Your Brand. In 3 Tweets.
Did you know you can either earn or lose a customer for life in just three tweets?
We make snap decisions all the time. Our brain, in an effort to speed things up and reduce workload, automatically creates certain shortcuts. These come in all sorts of varieties. For example, when you drove into work this morning, do you remember any of the cars or houses you drove by? Chances are you may vaguely recall some visuals or sounds, but not in a very crystal clear way. Some refer to this as “autopilot”. Well it turns out that there are autopilots for all sorts of activities and thought processes. One of those is how we experience a brand. On Twitter. Let’s elaborate.
3 Second Rule.
There is a concept in psychology called social cognition. It refers to a set of elements that include schemas, attributions and stereotypes. In essence, it’s a shortcut our brain uses to categorize people we meet, based on our own biases, experiences and opinions. Social cognition often comes into play when we first meet someone.
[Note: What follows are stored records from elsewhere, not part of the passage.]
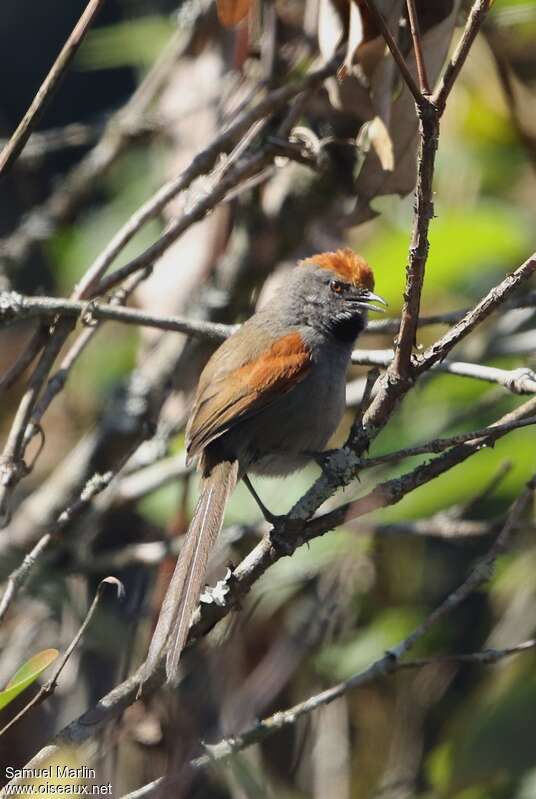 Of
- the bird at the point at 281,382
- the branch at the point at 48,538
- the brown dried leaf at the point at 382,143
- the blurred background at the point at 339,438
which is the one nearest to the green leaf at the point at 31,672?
the branch at the point at 48,538

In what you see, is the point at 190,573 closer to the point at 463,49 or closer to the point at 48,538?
the point at 48,538

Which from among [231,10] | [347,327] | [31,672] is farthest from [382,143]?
[31,672]

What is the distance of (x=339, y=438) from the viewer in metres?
5.27

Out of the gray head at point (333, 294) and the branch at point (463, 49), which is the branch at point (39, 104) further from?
the gray head at point (333, 294)

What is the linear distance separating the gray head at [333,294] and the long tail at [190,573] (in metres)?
0.76

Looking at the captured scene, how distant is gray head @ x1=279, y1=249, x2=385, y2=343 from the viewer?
4414 millimetres

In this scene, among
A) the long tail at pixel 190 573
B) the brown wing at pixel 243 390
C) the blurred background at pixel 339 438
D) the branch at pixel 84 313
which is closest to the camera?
the long tail at pixel 190 573

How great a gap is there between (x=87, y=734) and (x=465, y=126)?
363 centimetres

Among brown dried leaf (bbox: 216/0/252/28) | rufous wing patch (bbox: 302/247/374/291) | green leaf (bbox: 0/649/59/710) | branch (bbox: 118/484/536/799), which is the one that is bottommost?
branch (bbox: 118/484/536/799)

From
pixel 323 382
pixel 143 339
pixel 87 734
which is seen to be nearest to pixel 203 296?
pixel 143 339

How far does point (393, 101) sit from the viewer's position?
3.86 metres

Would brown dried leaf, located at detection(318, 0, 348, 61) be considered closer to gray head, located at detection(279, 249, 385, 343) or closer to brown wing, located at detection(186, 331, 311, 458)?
gray head, located at detection(279, 249, 385, 343)

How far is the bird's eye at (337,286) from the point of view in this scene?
4.50m

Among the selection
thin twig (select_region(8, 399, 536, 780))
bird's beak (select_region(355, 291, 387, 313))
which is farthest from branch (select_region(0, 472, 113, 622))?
bird's beak (select_region(355, 291, 387, 313))
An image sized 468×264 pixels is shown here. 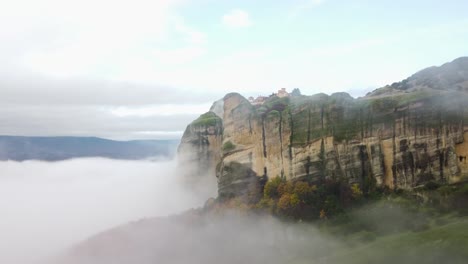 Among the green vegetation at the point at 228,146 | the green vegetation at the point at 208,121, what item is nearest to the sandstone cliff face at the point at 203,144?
the green vegetation at the point at 208,121

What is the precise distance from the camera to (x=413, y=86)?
68562 millimetres

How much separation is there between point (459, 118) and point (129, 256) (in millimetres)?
47331

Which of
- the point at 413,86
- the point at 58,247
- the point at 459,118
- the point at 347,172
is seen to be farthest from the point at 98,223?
the point at 459,118

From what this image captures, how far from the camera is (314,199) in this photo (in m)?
54.5

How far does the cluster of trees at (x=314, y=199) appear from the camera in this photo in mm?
53531

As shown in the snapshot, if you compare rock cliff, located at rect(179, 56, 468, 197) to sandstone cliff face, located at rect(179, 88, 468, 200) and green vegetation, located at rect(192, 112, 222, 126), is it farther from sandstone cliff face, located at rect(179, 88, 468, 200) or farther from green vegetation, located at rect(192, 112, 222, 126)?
green vegetation, located at rect(192, 112, 222, 126)

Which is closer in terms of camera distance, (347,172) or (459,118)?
(459,118)

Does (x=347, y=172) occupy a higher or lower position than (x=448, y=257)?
higher

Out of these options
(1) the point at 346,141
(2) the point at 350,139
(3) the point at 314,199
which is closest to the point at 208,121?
(3) the point at 314,199

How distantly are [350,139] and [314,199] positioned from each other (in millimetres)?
9360

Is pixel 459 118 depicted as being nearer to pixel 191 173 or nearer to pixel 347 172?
pixel 347 172

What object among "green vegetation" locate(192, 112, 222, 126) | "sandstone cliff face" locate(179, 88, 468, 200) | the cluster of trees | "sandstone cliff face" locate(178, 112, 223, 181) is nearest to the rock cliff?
"sandstone cliff face" locate(179, 88, 468, 200)

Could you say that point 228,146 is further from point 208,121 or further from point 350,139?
point 350,139

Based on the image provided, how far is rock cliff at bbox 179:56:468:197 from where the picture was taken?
50219mm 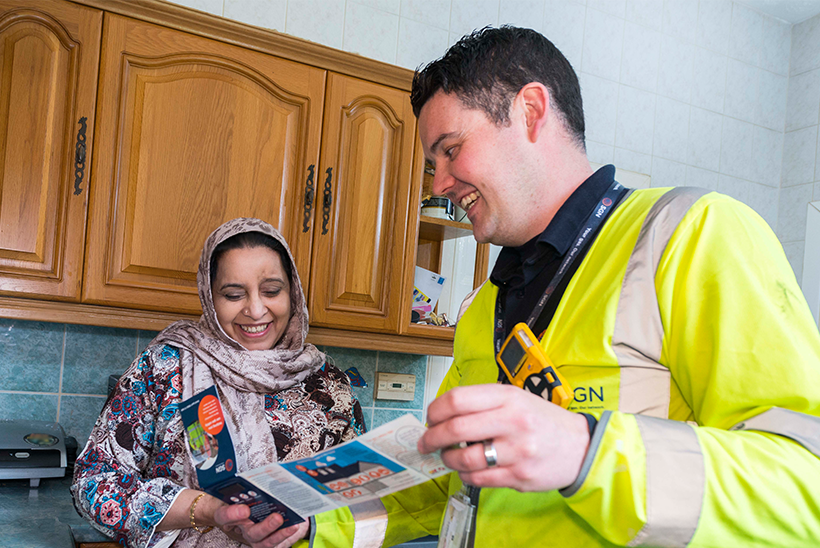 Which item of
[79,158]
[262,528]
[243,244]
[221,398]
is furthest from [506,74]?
[79,158]

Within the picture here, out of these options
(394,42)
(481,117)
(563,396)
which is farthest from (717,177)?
(563,396)

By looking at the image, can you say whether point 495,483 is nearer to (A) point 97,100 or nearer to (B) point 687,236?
(B) point 687,236

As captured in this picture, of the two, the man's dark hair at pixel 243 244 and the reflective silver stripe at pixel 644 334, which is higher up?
the man's dark hair at pixel 243 244

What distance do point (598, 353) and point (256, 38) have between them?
5.31 ft

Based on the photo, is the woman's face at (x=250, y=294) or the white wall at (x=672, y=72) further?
the white wall at (x=672, y=72)

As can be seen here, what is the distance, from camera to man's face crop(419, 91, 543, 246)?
3.05ft

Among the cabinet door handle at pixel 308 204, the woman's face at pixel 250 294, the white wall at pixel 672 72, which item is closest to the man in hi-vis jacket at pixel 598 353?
the woman's face at pixel 250 294

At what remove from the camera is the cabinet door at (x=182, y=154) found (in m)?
1.78

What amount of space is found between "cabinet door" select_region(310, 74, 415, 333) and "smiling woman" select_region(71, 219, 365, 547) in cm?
26

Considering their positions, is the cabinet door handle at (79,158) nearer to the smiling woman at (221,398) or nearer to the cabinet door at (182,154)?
the cabinet door at (182,154)

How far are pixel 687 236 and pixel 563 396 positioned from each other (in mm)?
217

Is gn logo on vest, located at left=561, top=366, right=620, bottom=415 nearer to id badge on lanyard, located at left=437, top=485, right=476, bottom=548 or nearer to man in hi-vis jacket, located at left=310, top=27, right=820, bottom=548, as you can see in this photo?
man in hi-vis jacket, located at left=310, top=27, right=820, bottom=548

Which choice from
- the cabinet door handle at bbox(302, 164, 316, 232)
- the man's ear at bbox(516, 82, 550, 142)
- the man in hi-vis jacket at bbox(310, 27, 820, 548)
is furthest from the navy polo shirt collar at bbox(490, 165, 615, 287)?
the cabinet door handle at bbox(302, 164, 316, 232)

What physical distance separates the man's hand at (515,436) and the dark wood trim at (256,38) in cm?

That first impression creates a mental image of a person that can last a lifetime and we usually do this in under 3 seconds. (Read more about Social Cognition)
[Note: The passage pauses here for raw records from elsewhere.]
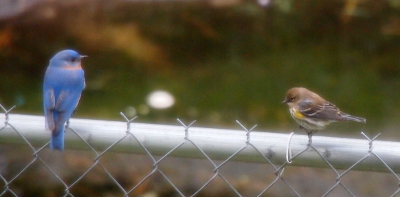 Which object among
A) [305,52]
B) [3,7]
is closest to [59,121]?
[3,7]

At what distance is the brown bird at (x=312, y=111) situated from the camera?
10.2ft

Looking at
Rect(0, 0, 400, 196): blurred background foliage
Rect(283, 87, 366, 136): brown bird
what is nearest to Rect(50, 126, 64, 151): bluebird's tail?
Rect(283, 87, 366, 136): brown bird

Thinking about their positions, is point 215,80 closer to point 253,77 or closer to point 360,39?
point 253,77

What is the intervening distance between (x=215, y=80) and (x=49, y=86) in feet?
8.90

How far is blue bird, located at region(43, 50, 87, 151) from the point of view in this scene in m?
1.93

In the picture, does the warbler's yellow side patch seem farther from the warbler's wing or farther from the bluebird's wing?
the bluebird's wing

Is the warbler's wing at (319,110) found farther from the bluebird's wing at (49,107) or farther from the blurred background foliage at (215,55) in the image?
the blurred background foliage at (215,55)

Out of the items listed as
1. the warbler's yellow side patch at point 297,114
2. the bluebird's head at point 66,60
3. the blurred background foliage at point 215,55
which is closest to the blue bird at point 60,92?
the bluebird's head at point 66,60

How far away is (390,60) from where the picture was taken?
5.21 meters

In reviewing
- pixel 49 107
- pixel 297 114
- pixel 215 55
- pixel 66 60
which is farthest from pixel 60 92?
pixel 215 55

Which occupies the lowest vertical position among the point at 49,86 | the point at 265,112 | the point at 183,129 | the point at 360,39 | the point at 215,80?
the point at 183,129

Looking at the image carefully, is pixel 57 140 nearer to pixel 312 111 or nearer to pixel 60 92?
pixel 60 92

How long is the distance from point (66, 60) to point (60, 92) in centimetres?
56

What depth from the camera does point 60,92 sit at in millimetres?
2512
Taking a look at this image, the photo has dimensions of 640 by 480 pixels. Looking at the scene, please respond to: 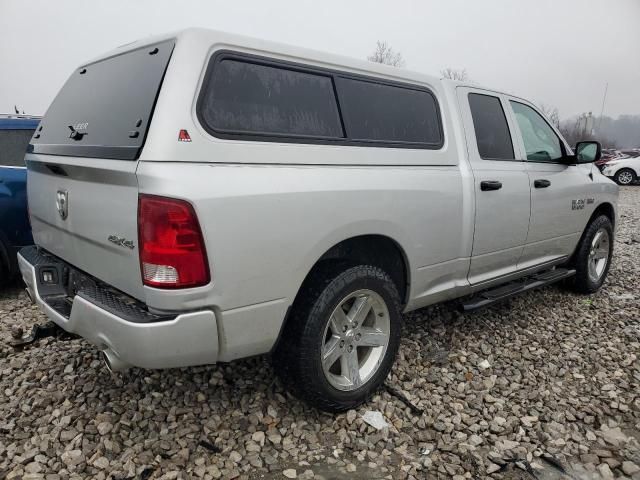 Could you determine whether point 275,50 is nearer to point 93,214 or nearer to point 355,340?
point 93,214

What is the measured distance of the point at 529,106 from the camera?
3.89 m

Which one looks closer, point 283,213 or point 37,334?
point 283,213

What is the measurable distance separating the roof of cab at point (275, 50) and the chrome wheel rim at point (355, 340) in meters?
1.25

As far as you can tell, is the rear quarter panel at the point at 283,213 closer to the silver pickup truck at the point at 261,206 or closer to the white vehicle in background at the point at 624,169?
the silver pickup truck at the point at 261,206

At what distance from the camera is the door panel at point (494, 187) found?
3.12 m

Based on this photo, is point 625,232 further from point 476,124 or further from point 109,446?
point 109,446

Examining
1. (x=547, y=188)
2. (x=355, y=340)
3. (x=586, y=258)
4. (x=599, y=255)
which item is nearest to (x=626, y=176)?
(x=599, y=255)

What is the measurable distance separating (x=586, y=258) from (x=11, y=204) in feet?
17.3

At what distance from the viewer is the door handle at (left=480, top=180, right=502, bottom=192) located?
10.0ft

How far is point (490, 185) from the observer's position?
310 centimetres

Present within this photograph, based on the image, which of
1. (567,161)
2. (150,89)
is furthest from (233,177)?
(567,161)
3 seconds is all the time you have to create an impression that can last a lifetime. So, from a brand perspective… if you leave a bad first impression, it’s not just a lost connection. Extrapolated over the lifetime of one customer, this could mean hundreds of thousands of dollars in lost revenue. And you may never even know this happened in the first place. THAT is the importance of making a good first impression. Now let’s see how that plays out on Twitter.
Your Brand in 3 Tweets.
Now that you know about the 3 second rule, I’d like to propose a 3 tweet rule. You see, when someone comes across a tweet or retweet from your brand and clicks on the handle, they see only the last three status updates. Which would be the equivalent of the first impression idea we discussed above. As you can see below, this may be the only way users ever experience your brand.
With that in mind, I’ve been doing some primary research (the one with lots of legwork and rejection) into what makes a twitter feed compelling and these are some insights I collected:
Conversations – Users want to see that a brand (or you, if you are the brand) are engaging with followers. This means that your feed should include mentions and @ replies. It signals that you’re listening and are approachable. There are exceptions to this rule, but they come in the flavours of celebrities and news aggregators.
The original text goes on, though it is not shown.